The database was designed based on the entity relationship model abstracted from the requirements information. The model consists of six entities (‘Cancer’, ‘Biomarker’, ‘Cbiomarker’ (combined biomarker), ‘Reference’, ‘Relationship’, and ‘Sample’). Their specific attributes and relationships are visualized in the Entity-Relation diagram as shown Figure 2. We manually curated the collected data according to the entries.

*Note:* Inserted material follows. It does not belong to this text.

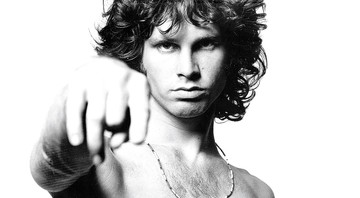 Jim Morrison morreu aos 27 anos (Foto: Agência El Universal / AP)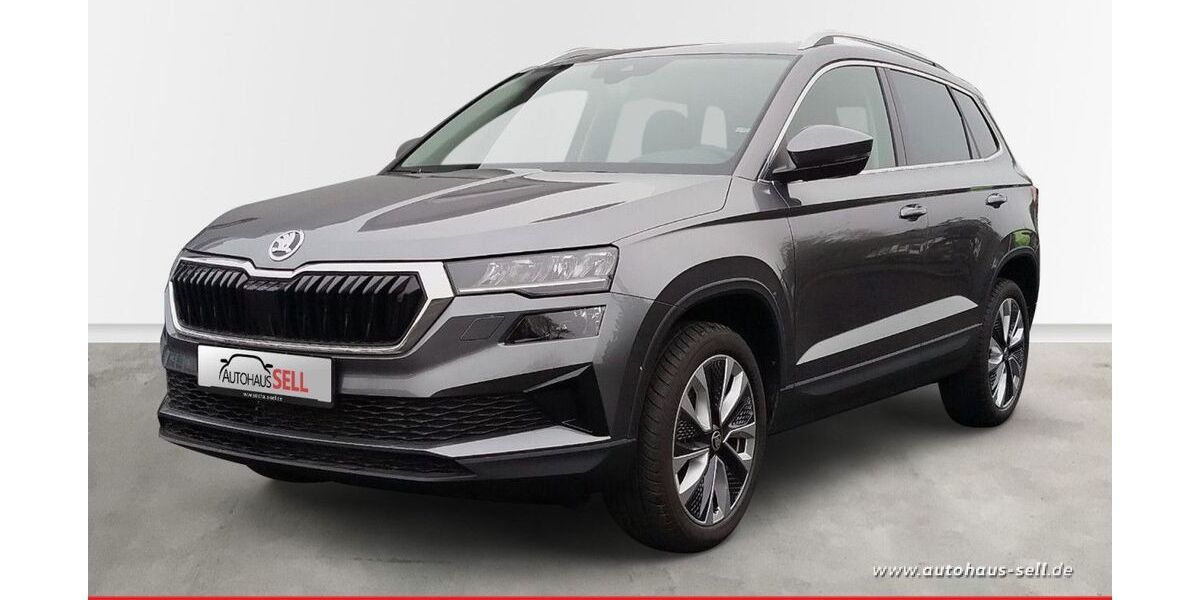 Skoda Karoq 8.389 km 24.190 &euro; Hammelburg 97762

Database implementation and data analysis

Several tools were utilized here for database construction. The main development tool is XAMPP v3.2.2, which includes Apache 2.4.23 as the web server, MariaDB 10.1.19 as the database management system and PHP as the server-side scripting language to execute dynamic SQL queries. HTML, CSS and JavaScript were selected as the client-side languages for front-end design. MetaboAnalyst (http://www.metaboanalyst.ca/) (23 ) was used for comprehensive metabolic data analysis.

Results

The utility of the database

CMBD provides a friendly web interface for users to access the database (Figure 3). On the ‘browse’ page, users can click the checkbox to specify filters (tissue site, class, usage and flag) as needed and then click the ‘Browse’ button (Figure 3a); the items matching the filter criteria will be listed on a new page and users can get a biomarker in detail by clicking the ‘More’ link (Figure 3b). The page will display the information about the cancer, biomarker, sample and reference, etc. On the ‘search’ page, users can query the database by biomarker name (Figure 3c). Results for fuzzy retrieval are also listed on a new page and users can get the information by clicking the ‘More’ link (Figure 3d). By clicking the links on the biomarker information webpage, the information for the biomarker can be displayed from the corresponding public databases (Figure 3e). Users can download or submit data on the ‘Download’ or ‘Submit’ page, respectively. More details about the utility of CMBD are shown on the online ‘Help’ page.

Classification and statistics of biomarkers

CMBD documents 438 manually curated relationships between 282 biomarkers and 76 cancer subtypes among 18 tissue sites reported in 248 literatures. Figure 4a shows the type distribution of 282 biomarkers and most of them are molecular biomarkers. Figure 4b shows the usage distribution of biomarkers in 438 relationships and more than half of them are for prognosis assessment. Figure 4c shows the tissue sites distribution of biomarkers in 438 relationships. Figure 4d shows the classification distribution of 185 single molecular markers in 438 relationships among different tissue sites, and most of the single molecular biomarkers are metabolites.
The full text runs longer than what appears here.